Residential Energy Optimization: Profitability Analysis of Smart Home Energy Management Systems (SHEMS)

Abstract

This thesis evaluates the economic viability and energy performance of Smart Home Energy Management Systems (SHEMS) in residential contexts under evolving regulatory and pricing frameworks in Wallonia. The main objective is to assess the profitability of various system configurations (PV, battery) and the management of main residential loads (EV, heat pump) under static and dynamic electricity tariffs, with a focus on the transition to dynamic pricing expected in 2025.

The methodology follows a four-phase approach.
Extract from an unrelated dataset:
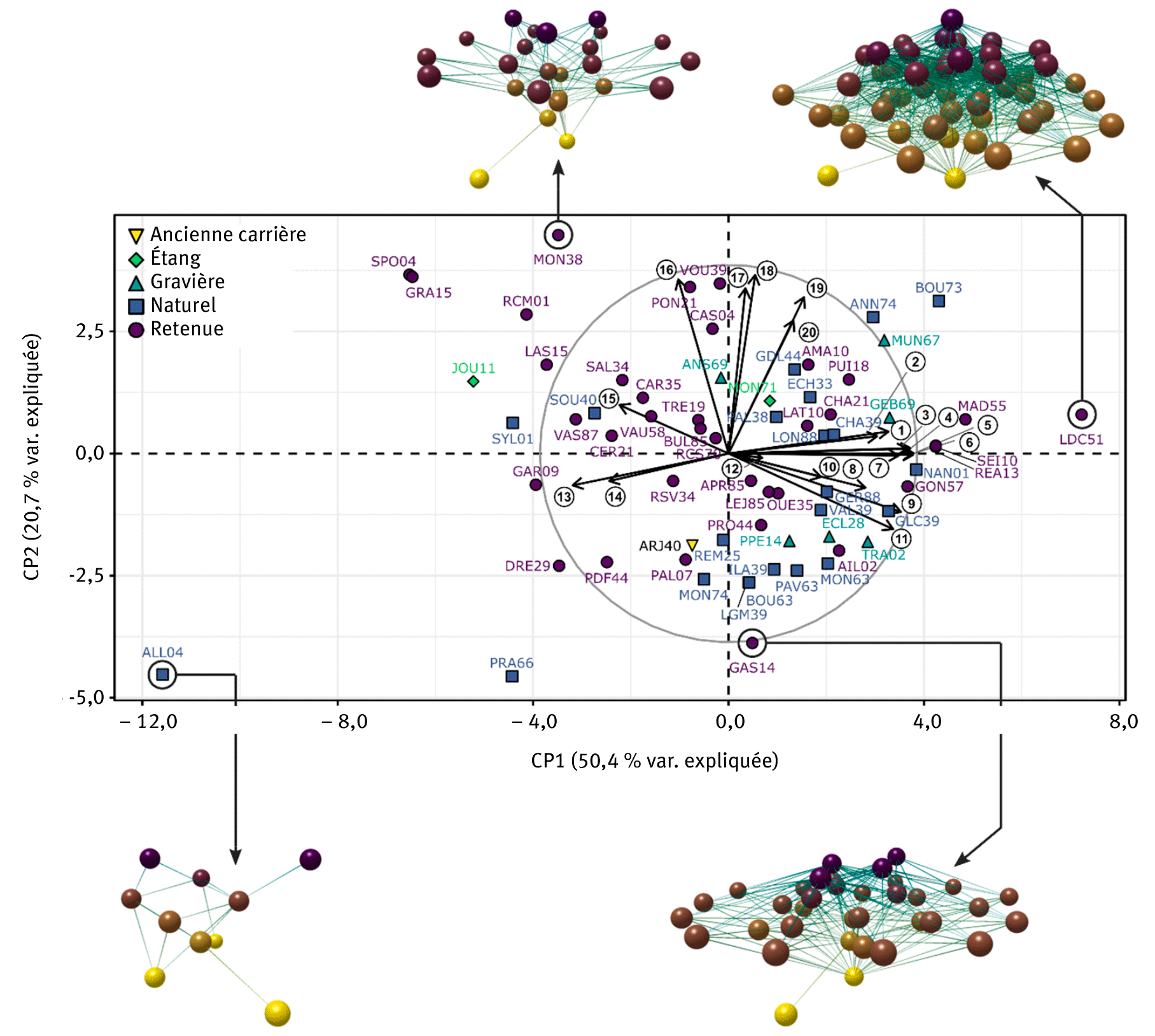 Figure 2. Analyse en composantes principales (ACP) des métriques des réseaux trophiques calculées pour les soixante-sept plans d’eau pour lesquels les réseaux trophiques ont été reconstruits. Cette analyse permet de résumer les métriques de réseaux corrélées en quelques axes synthétiques facilitant l’interprétation des données.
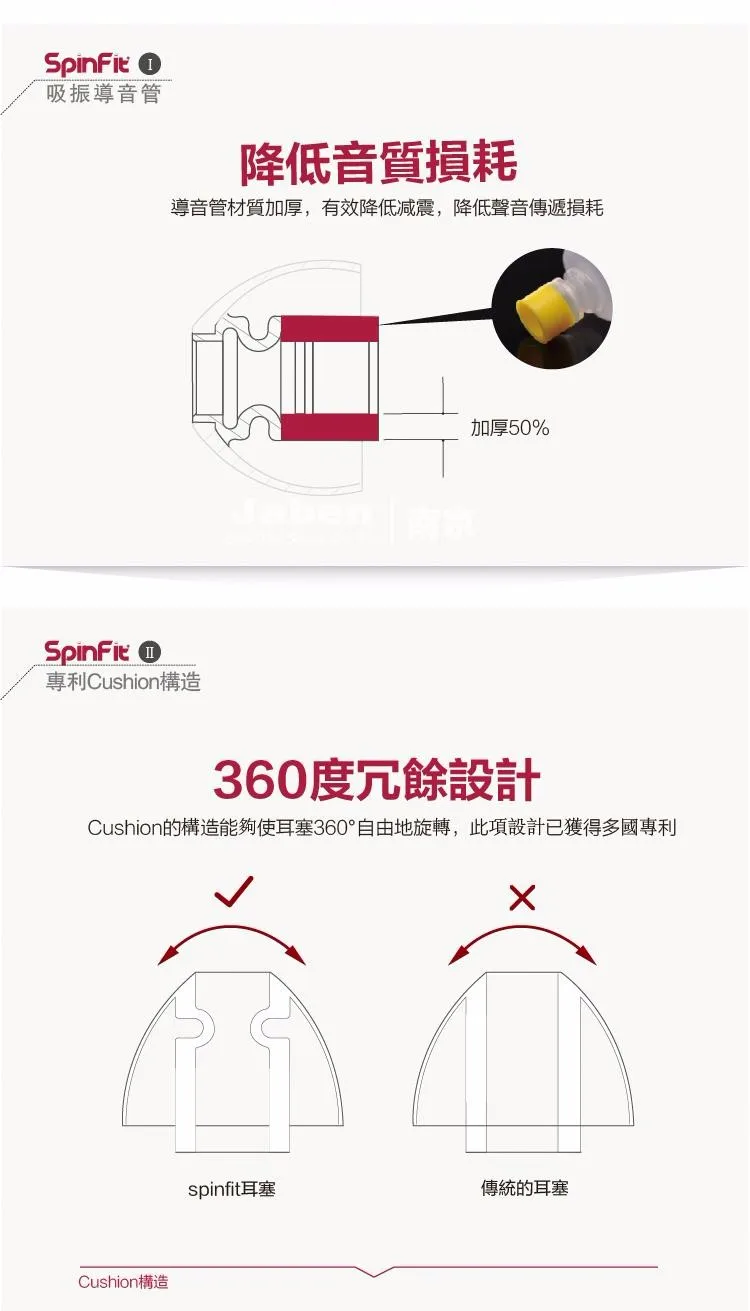 1 пара(2 шт.) Оригинальные наушники SpinFit CP100 CP800, патентованный силиконовый наушник, инновационная технология, наушник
First, traditional fixed and variable tariffs are used to establish a baseline for self-consumption-based installations. Then, a custom Energy Management System is simulated, integrating dynamic control based on day-ahead market prices, local consumption forecasts, and weather predictions. In a third phase, the participation of residential systems in grid services (e.g., FCR and imbalance response) is analyzed. Finally, commercial EMS platforms (ENIRIS, SIGENERGY) are tested and analyzed.

The results demonstrate that dynamic EMS strategies significantly improve profitability and energy autonomy, especially when integrated with batteries and flexible loads. Battery systems become more economically viable post-net metering, with shorter payback periods under optimized control. Grid service participation offers additional revenue potential but requires careful regulatory alignment. A user interface was developed to assist the commercial department in estimating the profitability of battery installations.

In conclusion, intelligent EMS represent a key component of the residential energy transition, enabling consumers to lower bills, decrease grid-dependence, and actively contribute to grid flexibility.